Records for processing
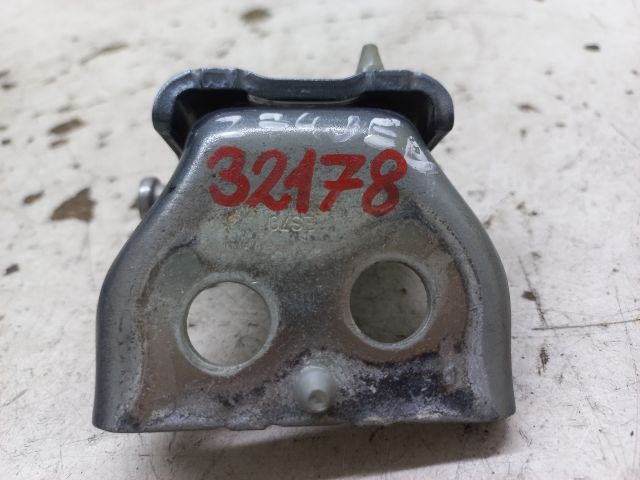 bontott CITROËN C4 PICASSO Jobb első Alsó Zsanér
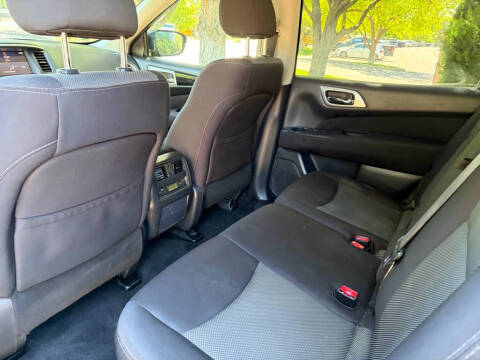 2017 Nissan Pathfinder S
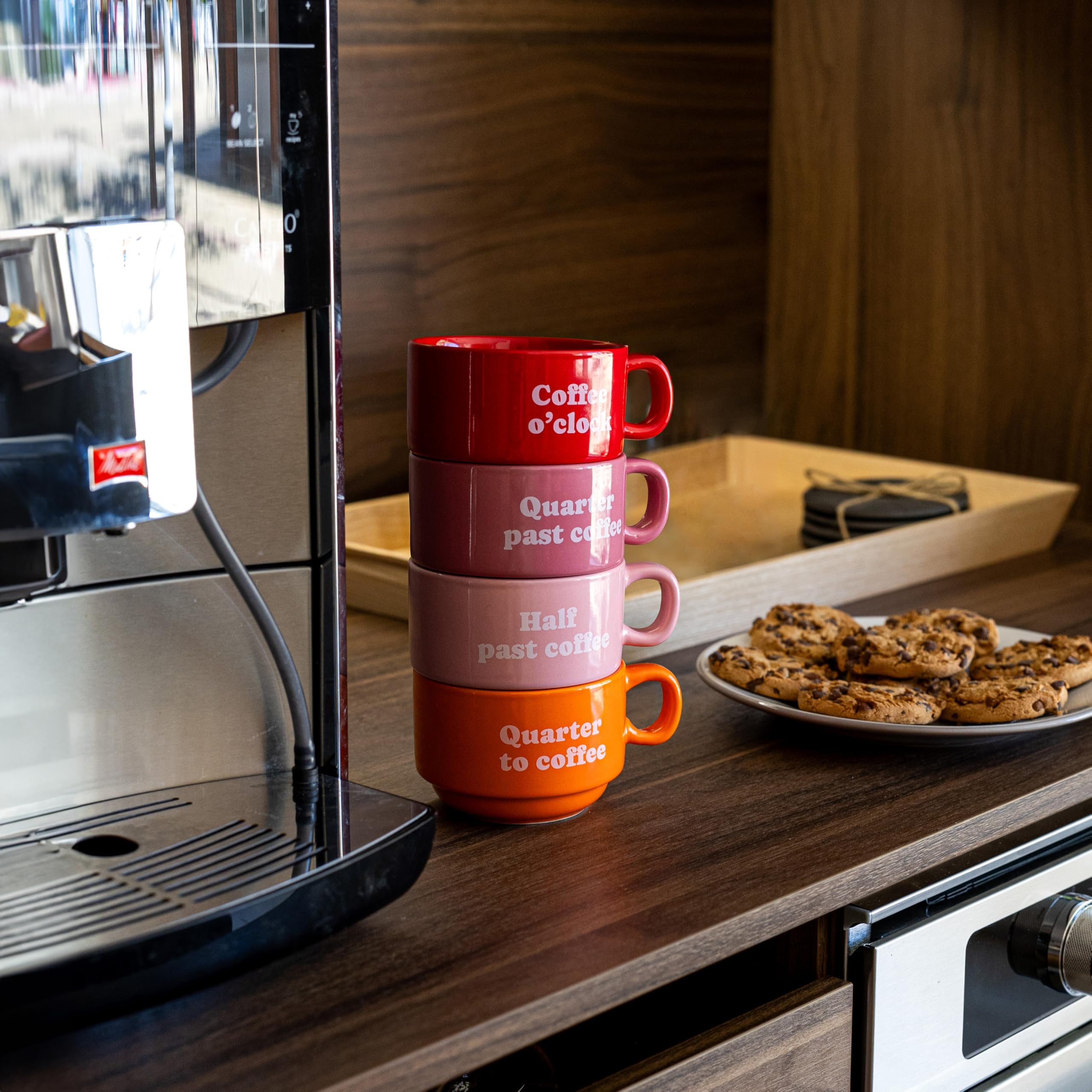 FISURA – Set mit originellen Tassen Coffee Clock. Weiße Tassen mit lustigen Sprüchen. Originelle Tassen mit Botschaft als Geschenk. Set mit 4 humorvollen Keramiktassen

--

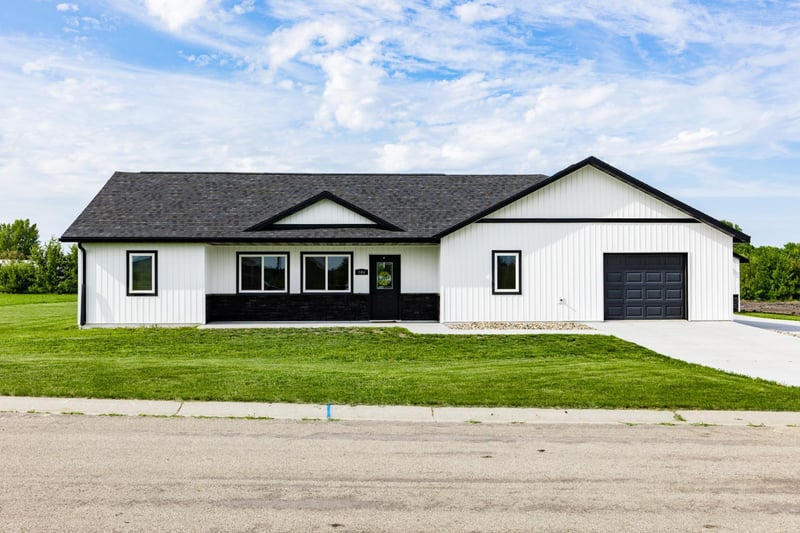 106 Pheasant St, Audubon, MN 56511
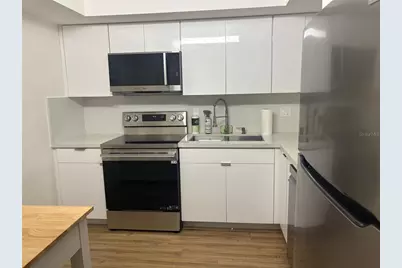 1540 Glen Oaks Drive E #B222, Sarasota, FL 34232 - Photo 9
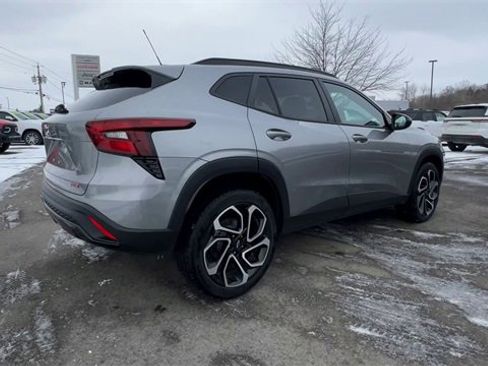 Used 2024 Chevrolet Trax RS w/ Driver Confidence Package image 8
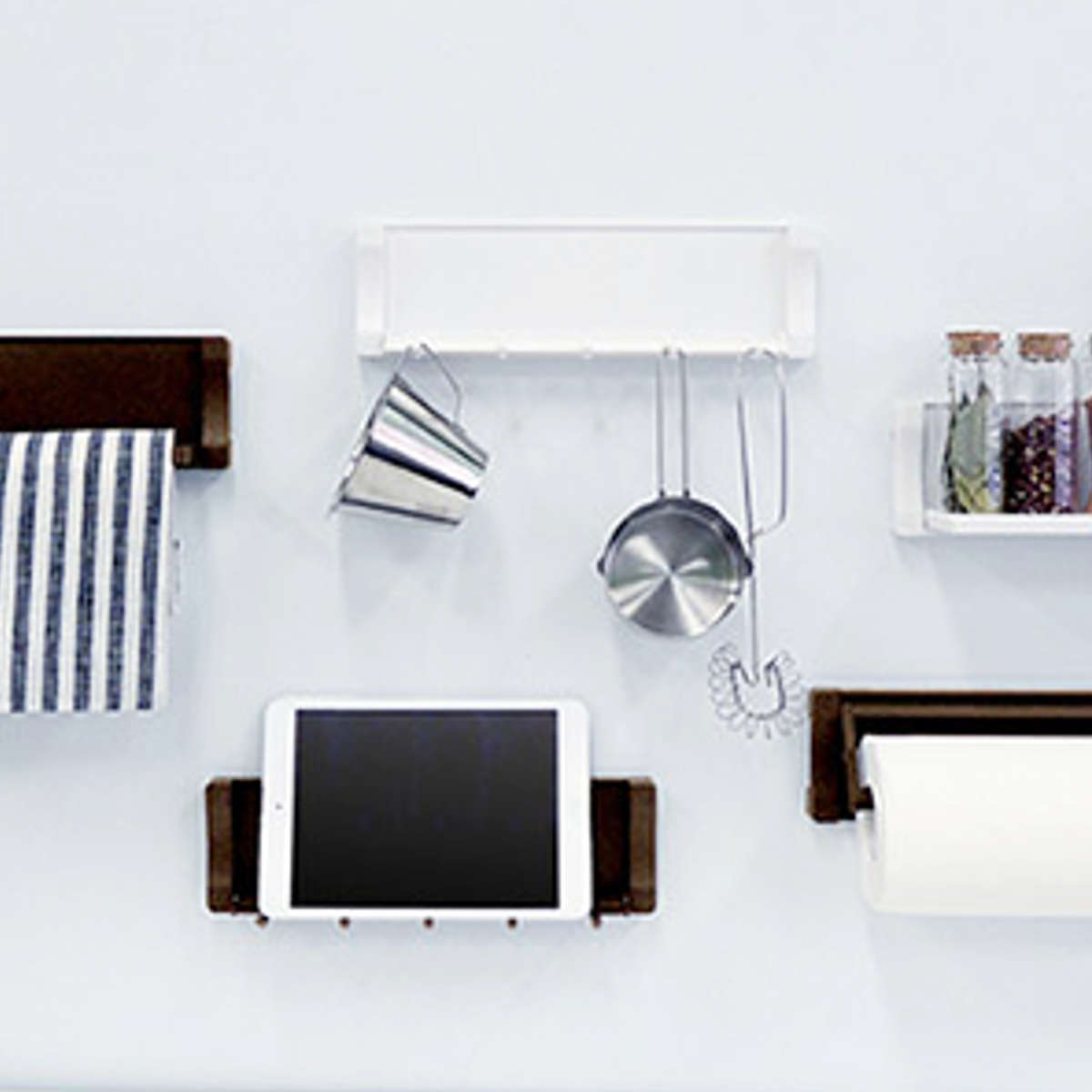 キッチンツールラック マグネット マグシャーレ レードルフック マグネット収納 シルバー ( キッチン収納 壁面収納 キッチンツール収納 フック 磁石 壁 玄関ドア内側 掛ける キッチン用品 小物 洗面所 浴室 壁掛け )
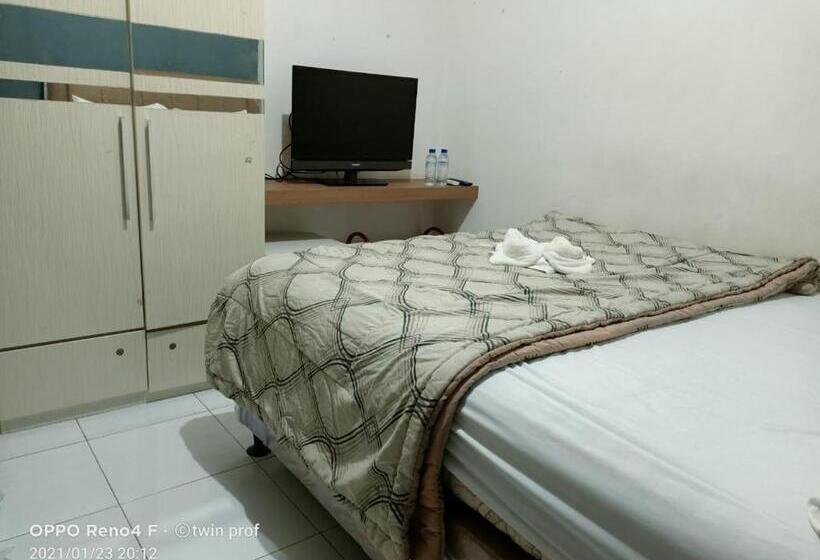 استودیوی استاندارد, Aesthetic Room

* * *

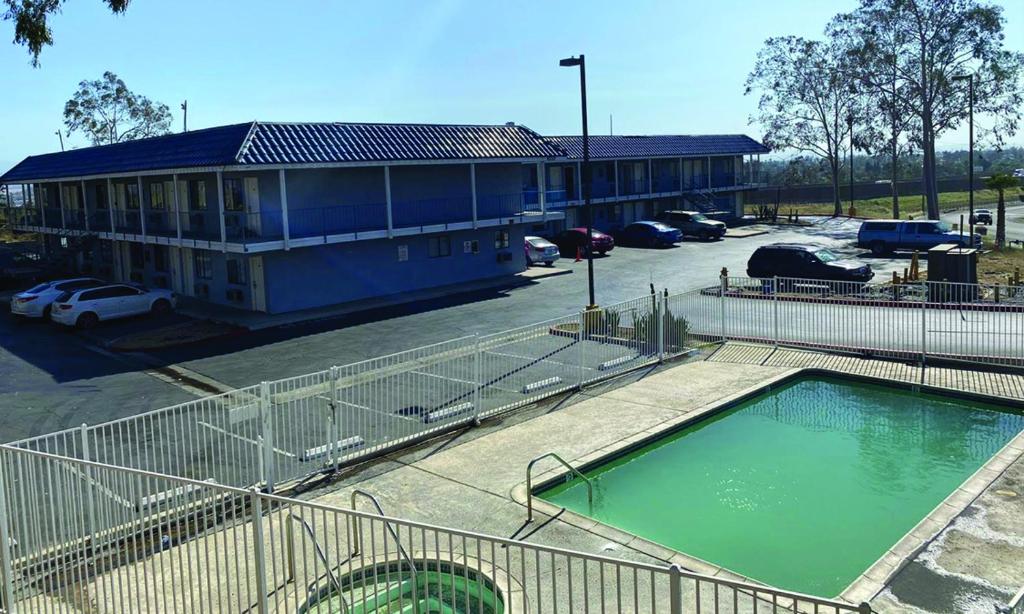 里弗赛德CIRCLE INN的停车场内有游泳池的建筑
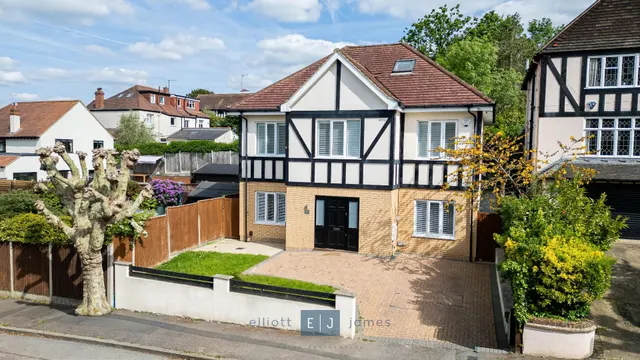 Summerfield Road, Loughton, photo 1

What you are asked to do
Using the listing above, restate exactly the range between the lines holding "bontott CITROËN C4" and "FISURA – Set", inclusive, with pictures left out.

Result for this exercise
 bontott CITROËN C4 PICASSO Jobb első Alsó Zsanér
 2017 Nissan Pathfinder S
 FISURA – Set mit originellen Tassen Coffee Clock. Weiße Tassen mit lustigen Sprüchen. Originelle Tassen mit Botschaft als Geschenk. Set mit 4 humorvollen Keramiktassen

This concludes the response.